Iran needed to at least double the range of Shahab-2, which at the time was limited to 500 km. Unable to achieve this goal by its own means, Iran yet again turned to North Korea. Tested between 1998 and 2003, the Shahab-3 missile (based on the North Korean Nodong) was extensively modified to improve its range and performance. It became designated as Ghadr-1. This new missile is believed to have a range of 1,600 km with a payload of 700–750 kilograms.

In the late 1990s Iran is began developing the solid-propellant short-range Fateh-110, which it first successfully tested in 2001. The first modified variant, Fateh-110A, has a range of 200–225 km. Four subsequent variants of the missile were developed over a decade, which Iran claimed to be increasingly accurate.

In November 2008, Iran tested its new, indigenously designed and produced medium-range missile known as the Sajjil. Its range is claimed to reach 2000 km. However, despite a series of tests of the Sajjil’s successor, the Sajjil-2, no further tests have been reported since 2011 and Iran has not yet declared the missile operational.

In 2010, Iran tested an indigenous liquid-propellant missile, the Qiam, which had a reported range of 700 km. It supposedly could overcome the ballistic missile defenses of Iran’s regional rivals.

In August 2015 Iran exhibited the Fateh-313, which appears to be a modified version of Fateh-110. Although Iran claims a range of 500 km, which is likely overstated.

It is commonly estimated that Iran has an inventory of approximately 200–300 Shahab-1 and Shahab-2 missiles (the figure corresponding to the number of missiles provided by North Korea). Iran has not demonstrated an ability to produce the Shahab engines itself. Estimates regarding Shahab-3/Ghadr are significantly more varied, fluctuating between 50 and 100 missiles, while other figures reach as high as 300 missiles. The lower estimate is based on the number of missiles and engines probably supplied by North Korea, and the higher one on Israeli sources that assume indigenous production by Iran.
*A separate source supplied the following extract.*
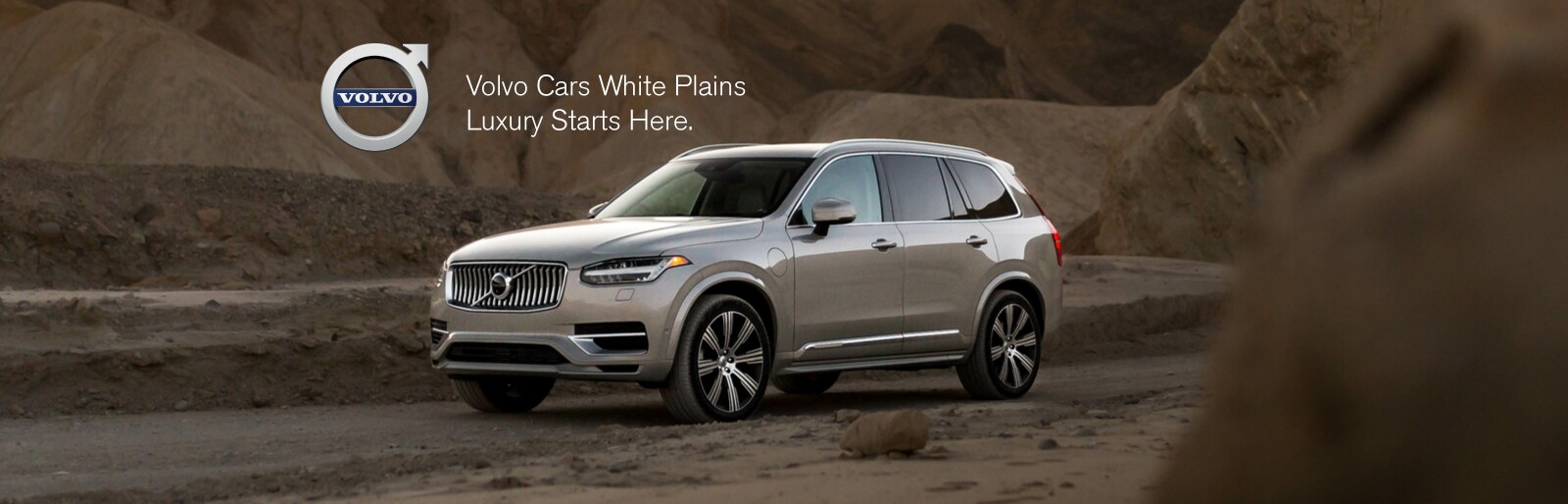 Volvo XC90 lease deal image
Given the difficulties involved in domestic production, this latter estimate is likely to be somewhat inflated. Iran’s holdings of Fateh-110 are difficult to approximate because they are produced domestically. Neither the Fateh-313 nor the Sajjil-2 appears to have been deployed yet.

Iran’s ballistic missiles: able to deliver a nuclear charge?

Once again, as commented by Paulina Izewicz, from the EU Non-Proliferation Forum, Iran’s capability to field an intercontinental ballistic missile (ICBM), which is traditionally defined as having a range of 5,500 km or more, has long been a source of concern. An ICBM could serve as a delivery vehicle for a nuclear warhead capable of directly threatening the USA and Western Europe. Although Iran has denied interest in developing an ICBM capability, its ambitious space programme has received significant scrutiny because of the technological overlap between ICBMs and space launch vehicles (SLVs).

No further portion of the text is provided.